It is not that neoliberalism made the new elite woke, then, but that most of them never really had an overt politics at all. The middle-aged, middle-class version of British masculinity inherited from that period dictates that there’s something faintly embarrassing about being seen to care strongly about any sociocultural issues, let alone anything as fraught as race, immigration or gender identity. This version of the elite is not anti-tradition — it just doesn’t positively value it. It is not, as Goodwin claims, particularly “supportive of abortion, homosexuality, casual sex, prostitution, divorce, gender equality and immigration”, but rather mostly indifferent. And it is not intolerant of political disagreements; it’s just that people don’t really have them at dinner parties.

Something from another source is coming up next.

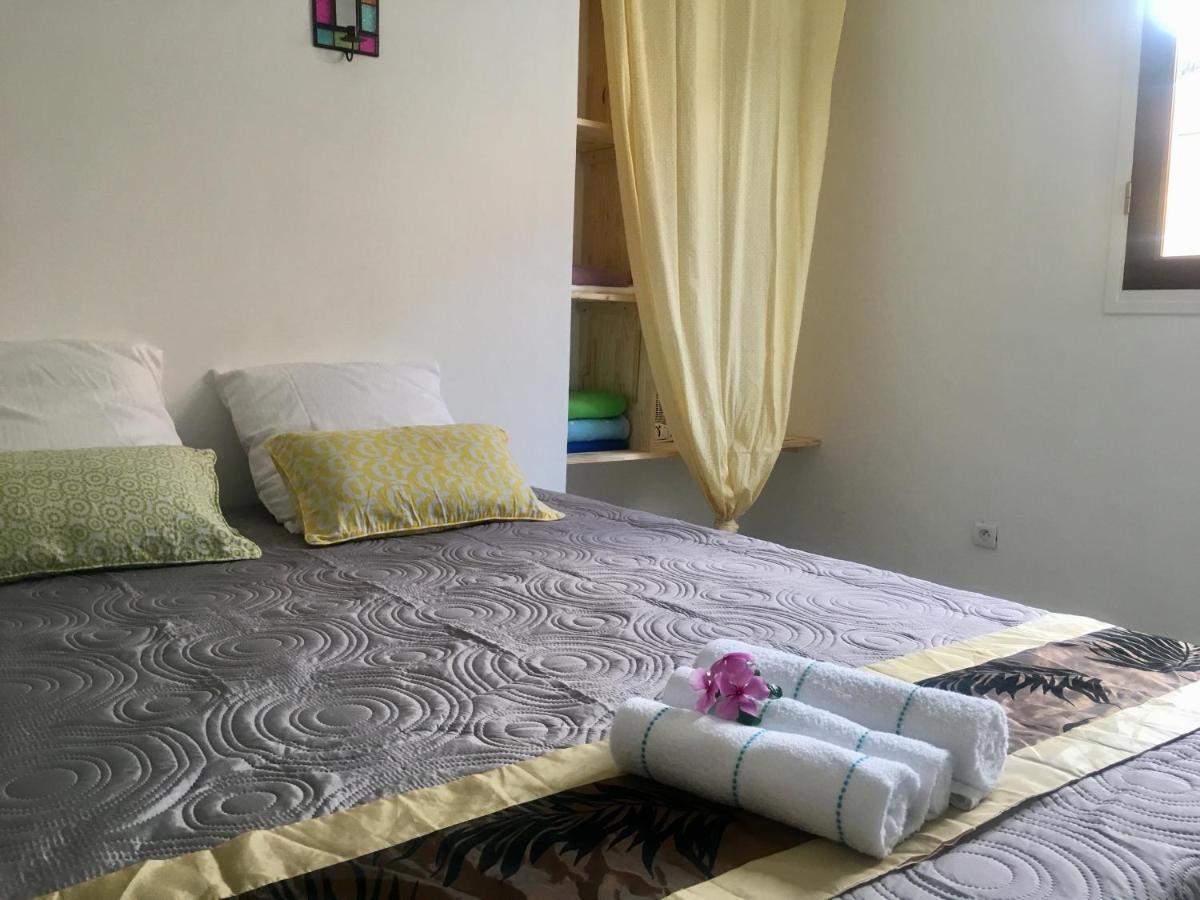 Jolie Maison T3 A St Pierre, 2 Chambres Avec Sdb, Grande Varangue, Jardin سانت بيير المظهر الخارجي الصورة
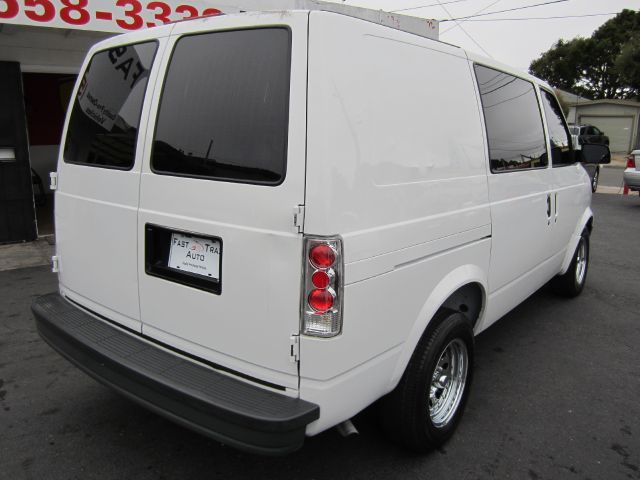 2002 Chevrolet Astro Sport PZEV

Still, many of our institutions were captured by a small number of radicals nonetheless. And this happened partly because the elites running the institutions didn’t have a clue how to stand up to the incoming wave of moral cant, guilt-tripping, and bullying from younger and differently socialised generations. On what firm ground might they have stood in order to see this off? They don’t have a political vocabulary with which to counter the wild rhetoric, and nor do they have the convictions or earnestness to make it stick. What they do have is a suppressed sense of guilt for being so rich, a vague fear that they might make the wrong joke, and a fervent hope that the moralising will stop soon so they can talk about the football or cricket instead. Many of them also have children who lecture them about social justice. They can’t stand up to them either.
In other words, I think it’s simply wrong to imply that the majority of the liberal elite are now rampantly woke. The culture wars don’t need any more stoking. When it comes to traditional working-class values, assuming there still are any, most of the elite are in no man’s land, not enemy trenches. Their political inarticulacy has made the organisations they run ripe for power grabs but they are not directly waging any war.